Lantau might have some of Hong Kong’s oldest settled communities, but it wasn’t until the middle of the 20th century that modern roads came to the island.

Historically Lantau people were seafarers and farmers who lived on or near the coast. Any contact between villages was by sampan or mountain path.

That was true long after the island came under British control.

In 1950 a colonial district officer, Austin Coates, advised that a road connecting the southern coastal villages Mui Wo, Pui O and Shek Pik was “urgently needed.”
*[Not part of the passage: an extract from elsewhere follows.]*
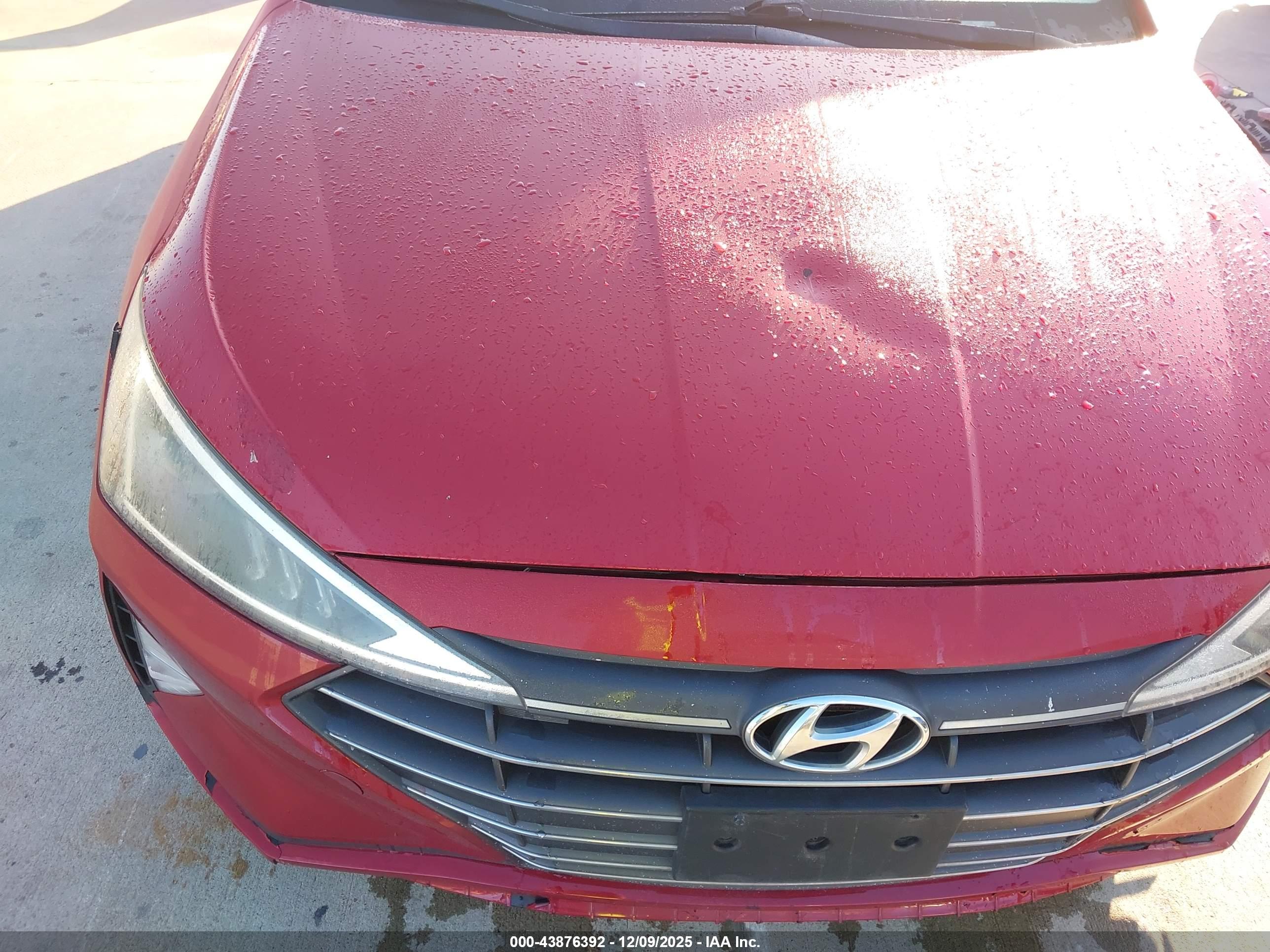 HYUNDAI ELANTRA image 6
His advice was accepted, and the road that is now the South Lantau Rd was built in the middle of the decade, running from Mui Wo to Shek Pik. Coates, who went on to become a full-time writer, wrote a novel about it, The Road, which examined the colonial experience and the impact of modernity through the prism of the project.
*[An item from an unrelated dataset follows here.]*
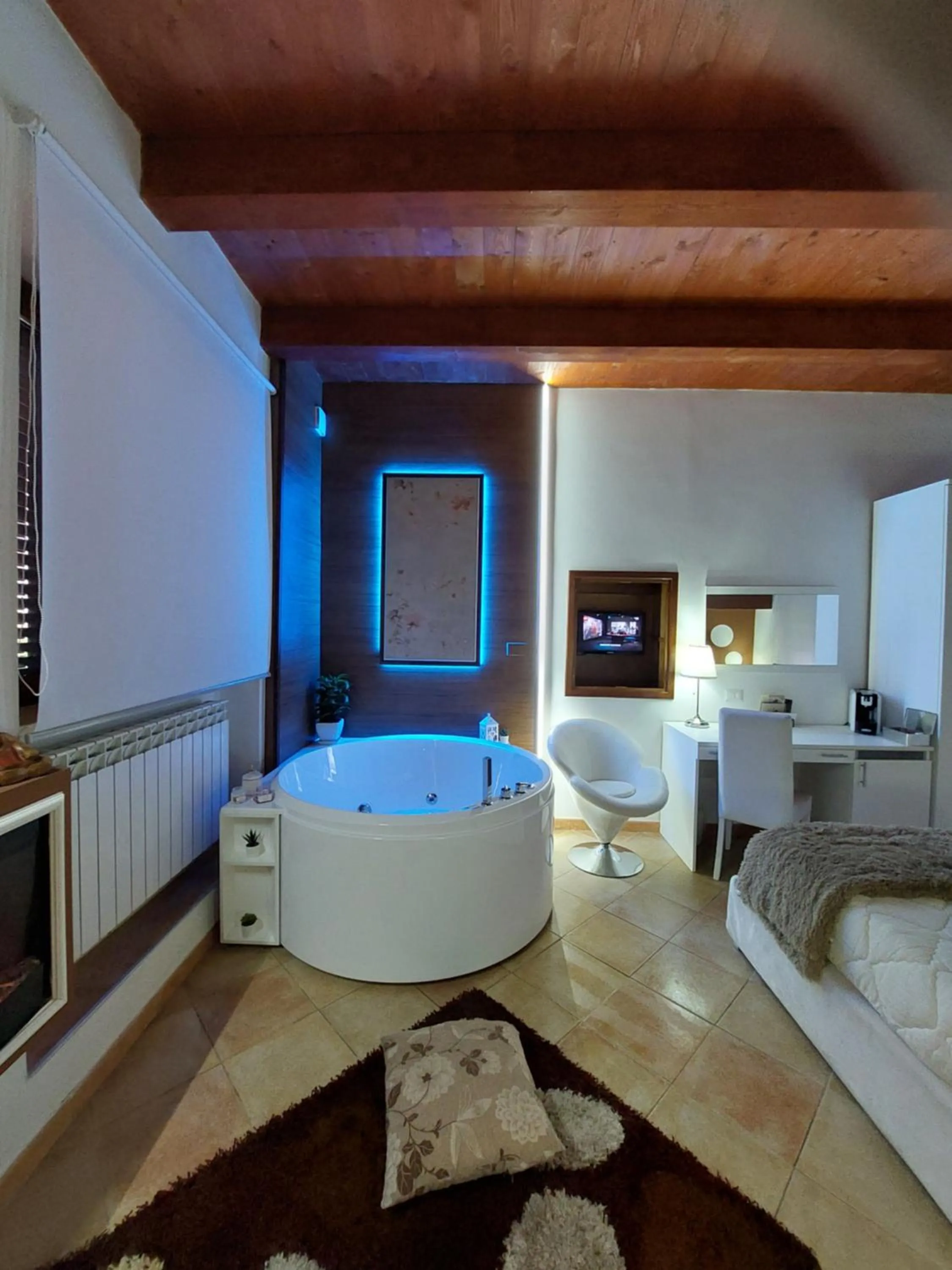Hot Tub, Bed in Del Cavaliere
The last five kilometres of road from Shek Pik to Tai O were laid down in the early ’60s ahead of the construction of the Shek Pik Reservoir. That is the part now known as Keung Shan Rd.

The original single-lane Tung Chung Road that connected the south coast to the north was also built in the 1950s, broadly following a traditional mountain path. That was replaced seven years ago by the current two-lane road.

It’s worth recalling South Lantau’s roads have always been closed to outsiders – even before the Chek Lap Kok project and the building of the North Lantau Highway and Tsing Yi bridge allowed vehicles to drive directly onto the island in 1997. Prior to that cars could only land in Lantau via ferry. Passage had to be booked three months in advance and the permit cost $1200.